DATA SUPPLIED >>
BEGIN
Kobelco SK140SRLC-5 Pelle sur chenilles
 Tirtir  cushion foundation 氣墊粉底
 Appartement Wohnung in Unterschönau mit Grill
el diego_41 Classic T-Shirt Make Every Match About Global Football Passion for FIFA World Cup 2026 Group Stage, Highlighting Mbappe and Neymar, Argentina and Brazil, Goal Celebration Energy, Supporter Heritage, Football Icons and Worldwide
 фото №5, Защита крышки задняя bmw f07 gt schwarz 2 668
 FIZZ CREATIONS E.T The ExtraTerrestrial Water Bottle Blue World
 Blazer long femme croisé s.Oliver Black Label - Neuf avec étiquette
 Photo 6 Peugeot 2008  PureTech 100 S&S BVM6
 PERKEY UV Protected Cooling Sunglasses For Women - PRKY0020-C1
END
ACTIVITY >> Copy whichever lines in the listing above hold "World".

RESPONSE BOX >>
el diego_41 Classic T-Shirt Make Every Match About Global Football Passion for FIFA World Cup 2026 Group Stage, Highlighting Mbappe and Neymar, Argentina and Brazil, Goal Celebration Energy, Supporter Heritage, Football Icons and Worldwide
 FIZZ CREATIONS E.T The ExtraTerrestrial Water Bottle Blue World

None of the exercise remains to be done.